Security Considerations
While the architectural fix allowed webhooks to pass through to the private server, additional security measures were implemented:
- Mutual TLS (mTLS) between the internal service and the public relay
- Validating HMAC signatures sent by payment providers to ensure payload authenticity
- Firewall rules limiting access to relay server strictly to payment gateways’ known IPs
This not only protected against spoofed requests but ensured compliance with the security policies expected by the payment providers and regulatory bodies.
Challenges Faced
Several non-obvious challenges emerged while transitioning to this architecture:
- Latency: While not significant, introducing another network hop slightly increased latency.
- Monitoring: Visibility into failures had to shift to both the external relay and internal systems.
- Failover: A backup tunnel mechanism was required to ensure uptime in case the primary tunnel failed.
These were mitigated by proactive monitoring, integrating APM tools like Prometheus and Grafana, and deploying multiple relay endpoints in different regions.
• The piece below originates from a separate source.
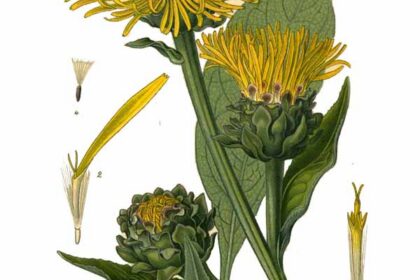 Énula campana (Pushkaramūla / Inula spp.)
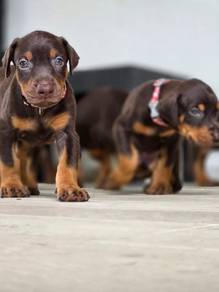 doberman h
Best Practices for Future Deployments
The fix provided lasting stability and reliability. Here are some advice and best practices for others deploying behind VPNs:
- Use public endpoints when dealing with external callbacks
- Keep sensitive processing on private systems behind VPN/firewalls
- Employ tunneling solutions with robust reconnection and encryption
- Always log incoming webhook data for traceability
- Verify requests through HMAC or provided authentication mechanisms
Conclusion
Operating webhook listeners behind a VPN or private environment introduces serious delivery and reliability issues. However, the use of a secure tunneling setup with a public relay endpoint provides a clean, scalable solution. By preserving private network integrity while enabling external communication, this architecture ensures that incoming webhook events arrive securely and consistently, unlocking the real power of event-driven integration with payment providers and beyond.
FAQ
- Why were payment webhooks failing?
- Because the webhook listener was behind a VPN and not accessible from the public internet, payment gateways couldn’t deliver their payloads.
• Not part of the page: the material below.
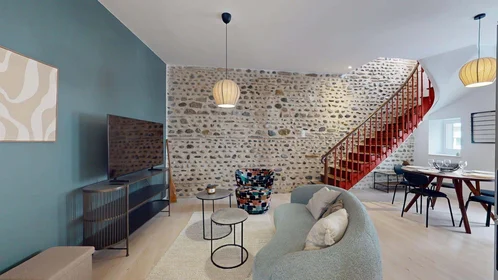 Prywatny pokój 1 Rue Manescau, 64000 Pau, France, obraz 10 21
- Why not expose the internal server directly?
- Security concerns often prevent directly exposing back-end servers. Services behind VPNs typically host sensitive business logic or data.
- What is a public relay?
- A public relay is a server with a public IP that receives requests on behalf of your internal server and forwards them over a safe tunnel.
- Can this setup scale for production use?
- Yes, with robust tools like SSH reverse tunnels or commercial tunnel services, this architecture can scale, especially when paired with logging and monitoring.
- Is using ngrok safe for production?
- Not recommended for production. It’s great for testing but can be rate limited or less secure in long-running deployments.
- What are some secure alternatives to ngrok?
- Options like self-hosted frp (Fast Reverse Proxy), OpenSSH with autossh, or dedicated reverse proxies on cloud infrastructure are more secure and reliable.